Respondent was charged in an information alleging possession of marijuana and seconal. On a motion pursuant to Penal Code section 995, the superior court dismissed the information on the ground that the only evidence adduced against respondent at the preliminary hearing was illegally obtained. We thus examine the record in the light most favorable to the action taken by the magistrate.

On February 28, 1973, at 3:55 a. m., Officer Leo J. Repp of the Inglewood Police Department saw appellant driving a van without lights. Officer Repp shined the spotlight of the police vehicle on respondent who ‘gave [Repp] a rude gesture with his finger and continued southbound on La Brea.’ Repp activated the red lights of his vehicle and pursued respondent down La Brea to Cedar where respondent made a left turn against a red light. Respondent, who ran a stop sign, continued on Cedar until he stopped just short of Manchester. Repp exited the police car and approached the stopped van. Respondent ‘stuck his head out the driver's window and said ‘Fuck you, cop’ and drove off.' Repp returned to his vehicle and pursued the van at a speed of 45 to 50 miles per hour to just past La Cienega where he forced the van to halt. Repp left the police car and approached the van with gun drawn. A second police car, driven by Officer Errol D. Cobb, arrived at the scene, and Officer Cobb also approached the van.

Respondent exited the van from the driver's door. He had a black cylindrical object in his hand which appeared to be a gun. Repp pointed his service revolver at respondent and told him ‘to either drop it or die.’ Respondent turned his body a ‘little bit to the rear’ and with a ‘wrist flip’ threw the black object to a point under the van, one or two feet in front of the left rear wheel. Officers Repp and Cobb both saw the black object as it fell to the ground. Since it made no noise when it hit, Cobb realized the object was not a gun. Repp said to Cobb: ‘He threw it over there. He had something in his hand and he threw it.’ Cobb responded that he had seen the object. Repp placed respondent and a female companion in handcuffs. Cobb picked up the object which respondent had thrown, a black plastic tobacco pouch five and one-half inches deep. Cobb brought the tobacco pouch to Repp. Inside the pouch were marijuana, Zig Zag cigaret papers and seconal pills.

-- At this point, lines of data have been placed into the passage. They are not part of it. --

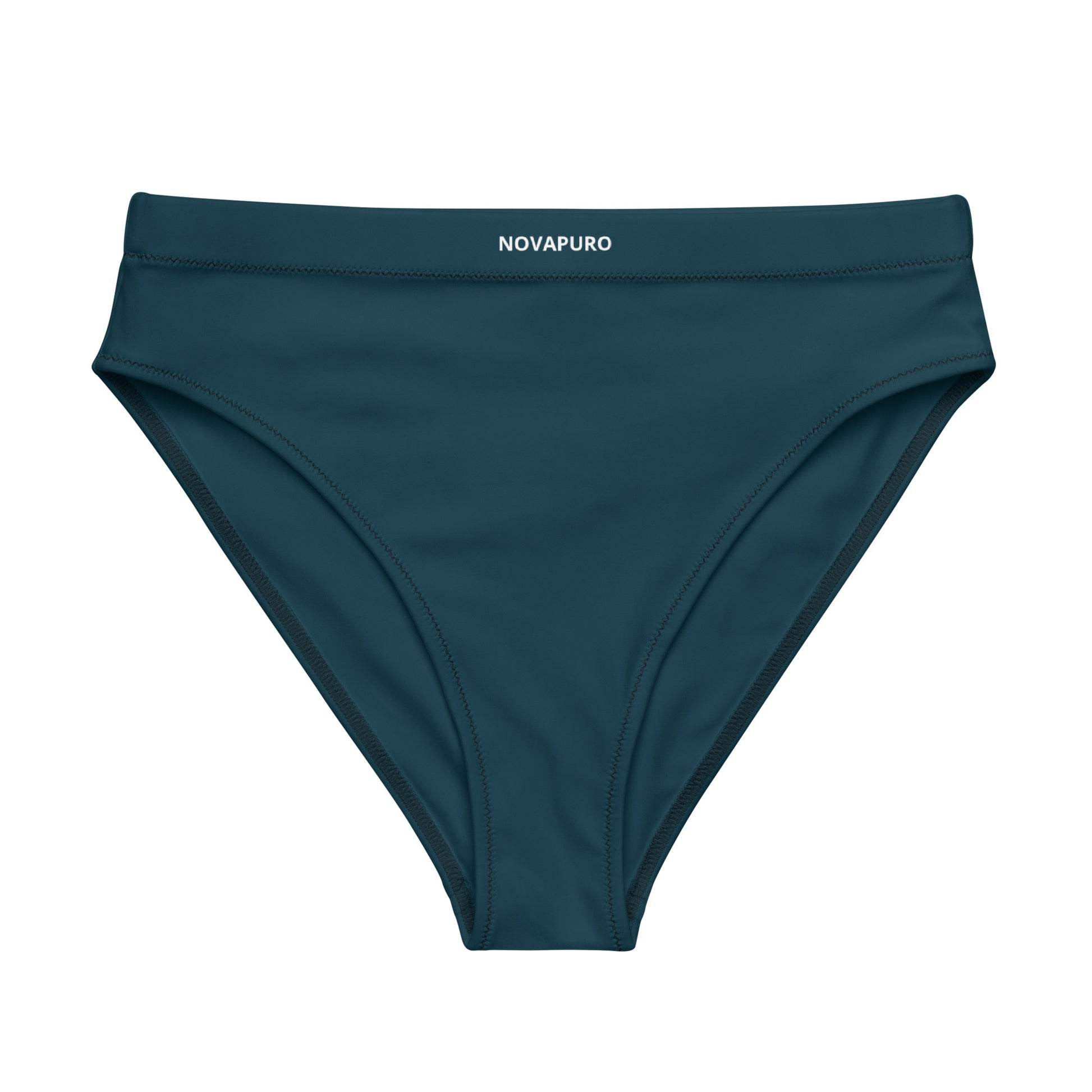 Dark blue Novapuro Signature recycled high-waisted bikini bottom on a model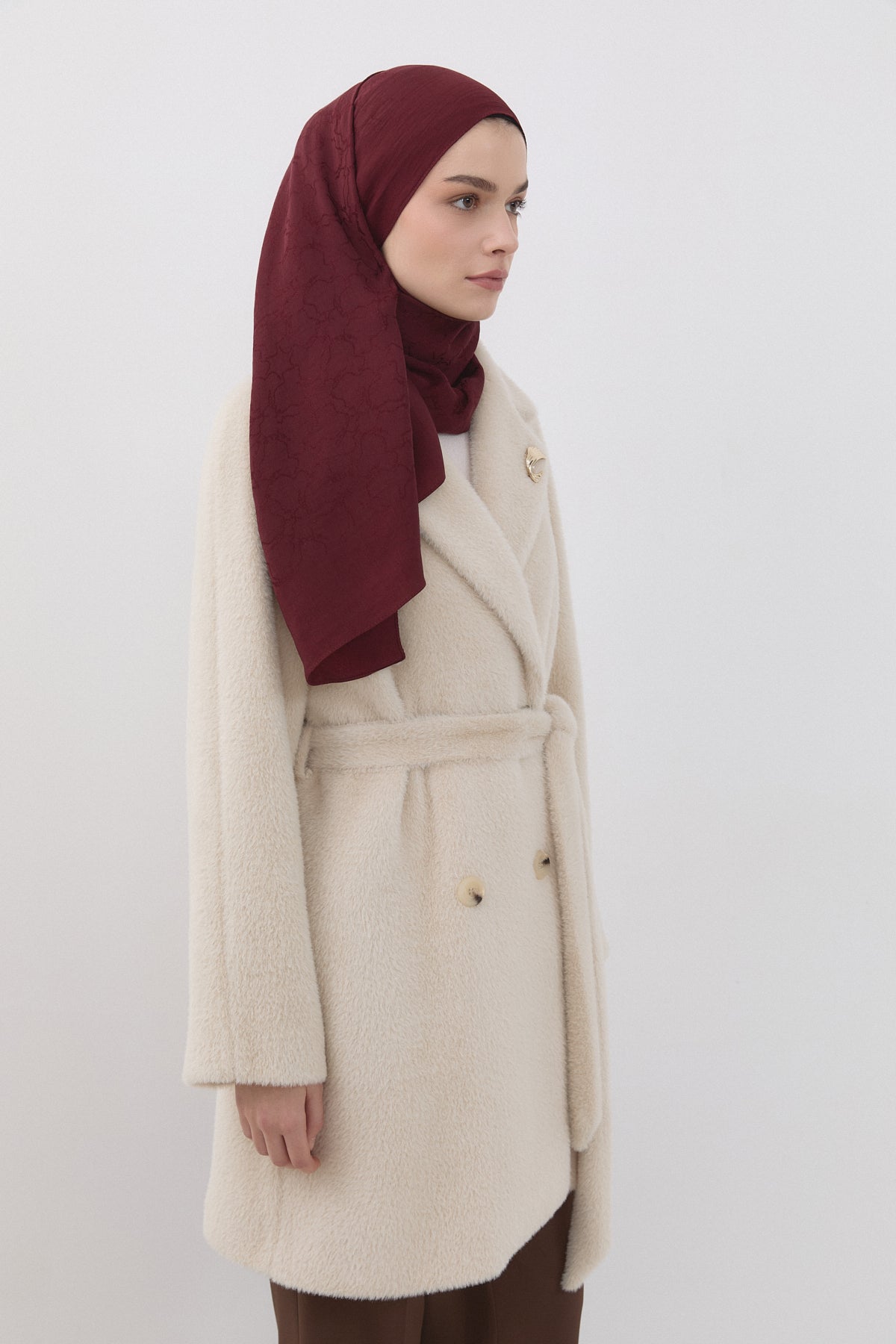 Patterned Cotton Naia Lyocell Scarf - Burgundy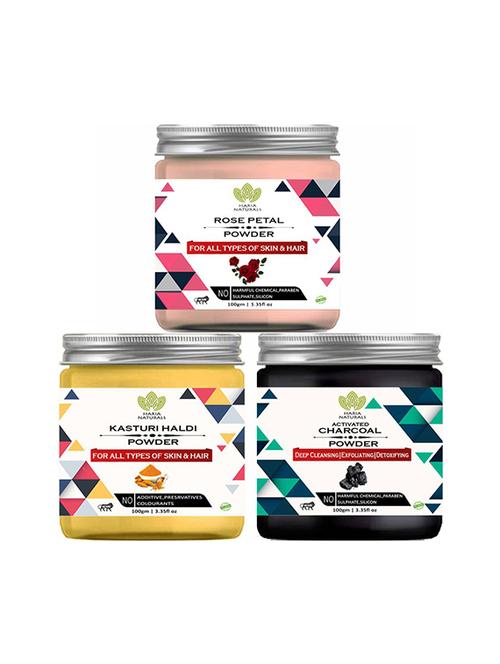 100% pure & naturals rose petal powder 100gm & kasturi haldi powder 100gm & charcoal powder 100gm (pack of 3) 300gm - 18639587 - Very Small Image - 1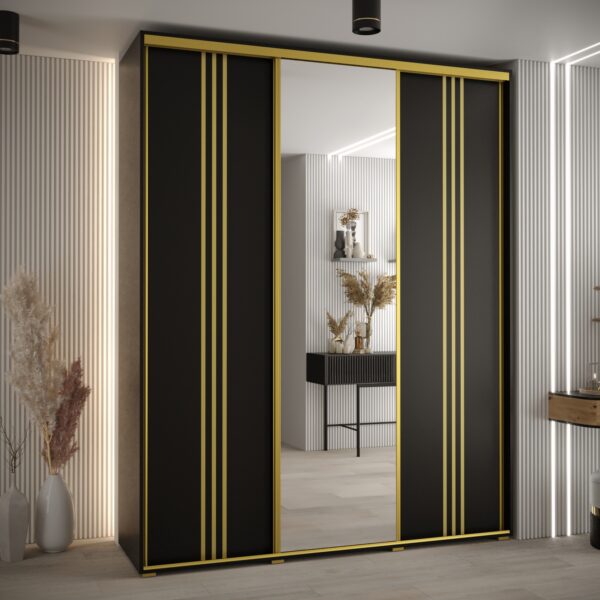 Szafa CANNES 7-200 szerokość 45cm korpus czarny, Front czarny listwa złota i lustro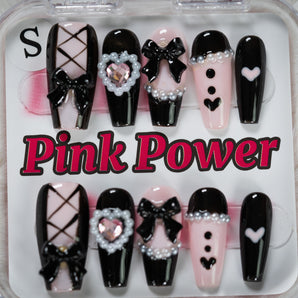 Pink Power Press on Nails- French Maid limited Edition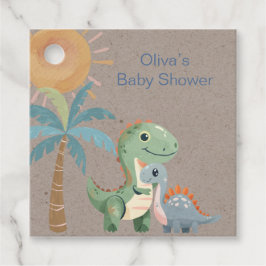 Blå och Grönt Dinosaur Boy Shower Tack Gåvor Etiketter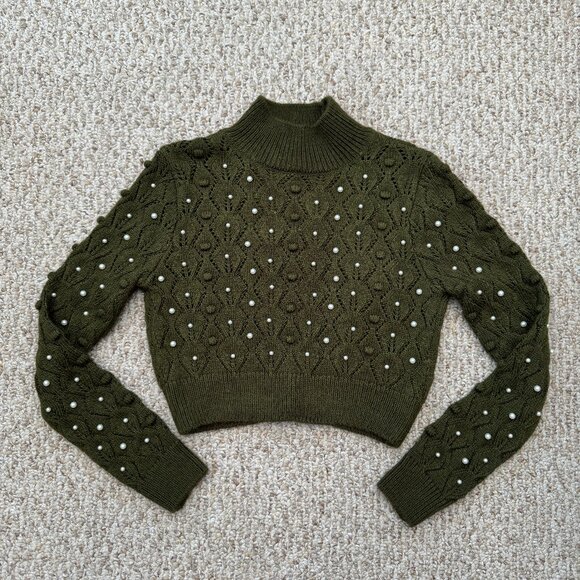Zara Green Open Back Knit Sweater w/ Pearl Small Holiday Elegant Fun - Picture 4 of 14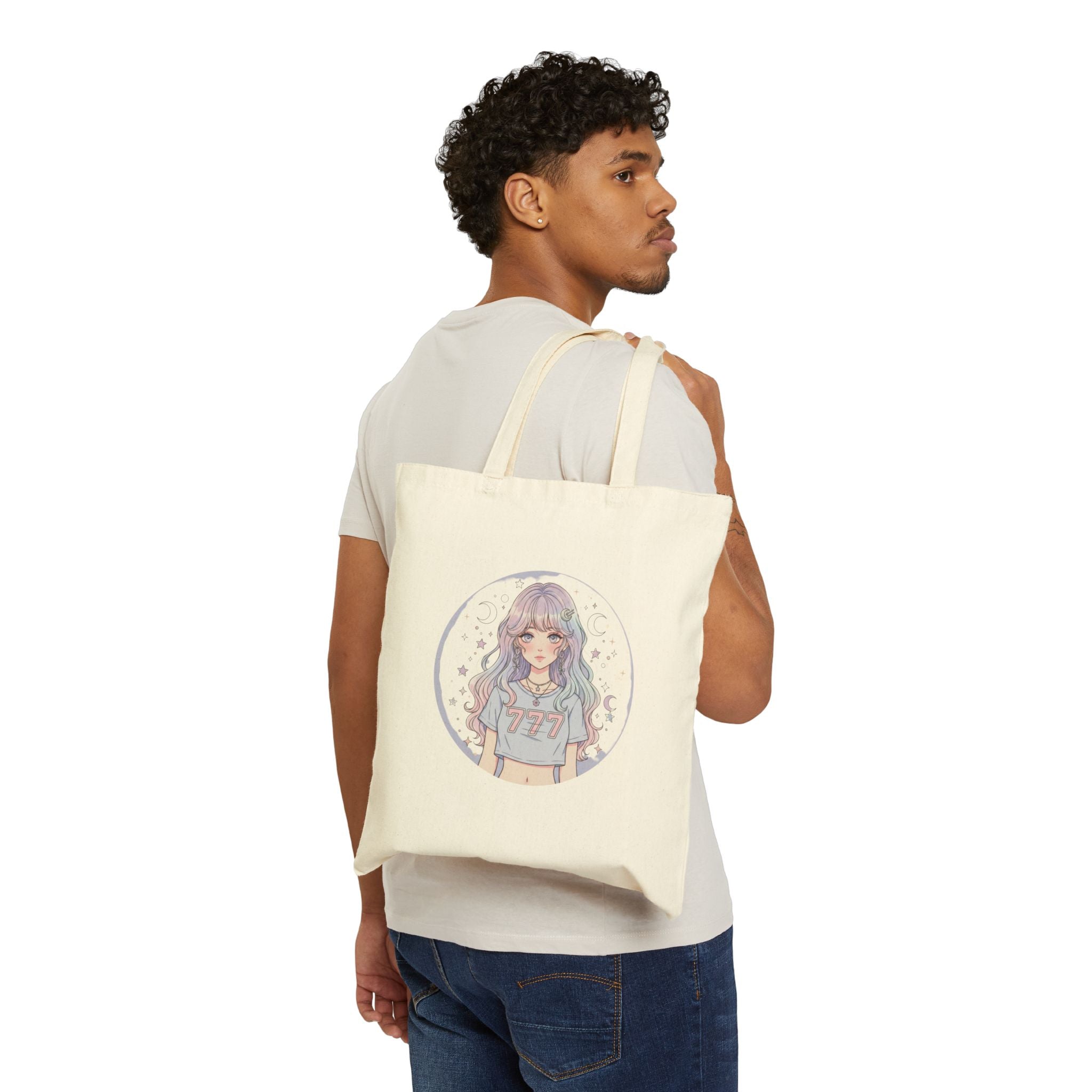Pastel Anime Girl Tote Bag | 777 Kawaii Illustration - Midnight Solstice Occult Shop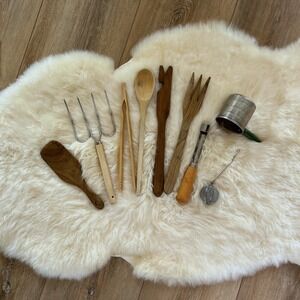 Vintage Rustic‎ Wooden Utensils Kitchen Bundle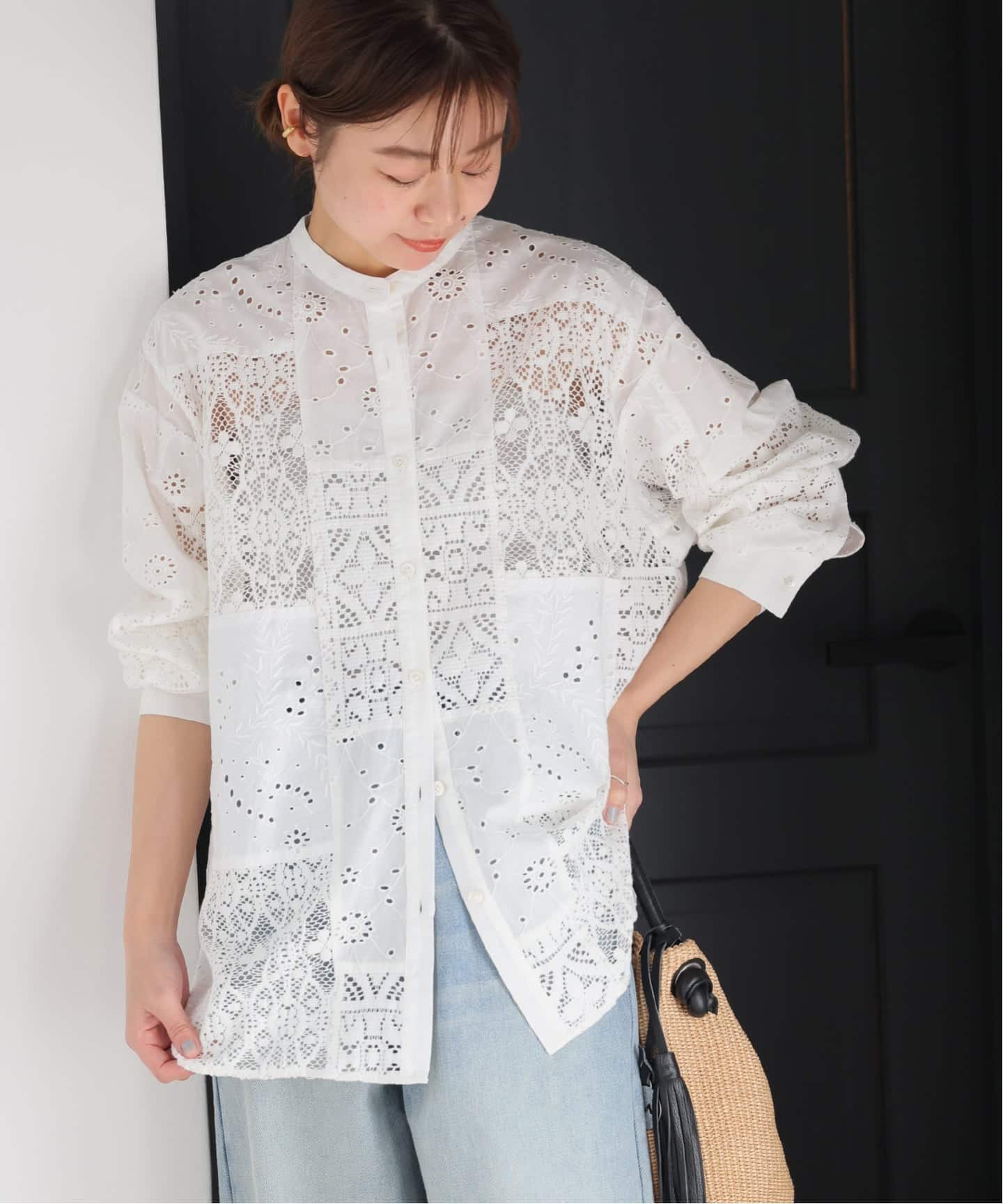 追加 / 新色》パッチワークレースシャツ（シャツ／ブラウス）｜JOURNAL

Evidence of the marijuana and seconal was received at the preliminary hearing over respondent's objection that it was the product of an illegal search. The record is silent as to the arresting officer's subjective belief of a reason for placing respondent in handcuffs, thus accomplishing his arrest. Neither counsel for the defense nor the prosecutor inquired into that fact.1 Nor is the basis of the magistrate's ruling receiving the marijuana and seconal in evidence totally clear. He prefaced it with the statement ‘the defendant violated traffic laws and fled from the scene of the first stop by the police officer which gives rise to a reasonable inference that there was something he was trying to hide.’ That ambiguous declaration seems best interpreted as the magistrate's finding that the search which disclosed the contraband was one incident to an arrest, pursuant to Vehicle Code section 40303, subsection (i), for respondent's conduct in attempting to evade apprehension for his previous vehicle code violations and was thus valid.

If the magistrate's finding and ruling are correct, the superior court erred in granting the motion to dismiss the information on the ground that the incriminating evidence against respondent was illegally obtained. We conclude that (1) recent decisions of the United States Supreme Court declare constitutional principles establishing the validity of the search here involved under the Fourth and Fourteenth Amendments to the United States Constitution; and (2) those decisions implicitly overrule California Supreme Court cases holding to the contrary.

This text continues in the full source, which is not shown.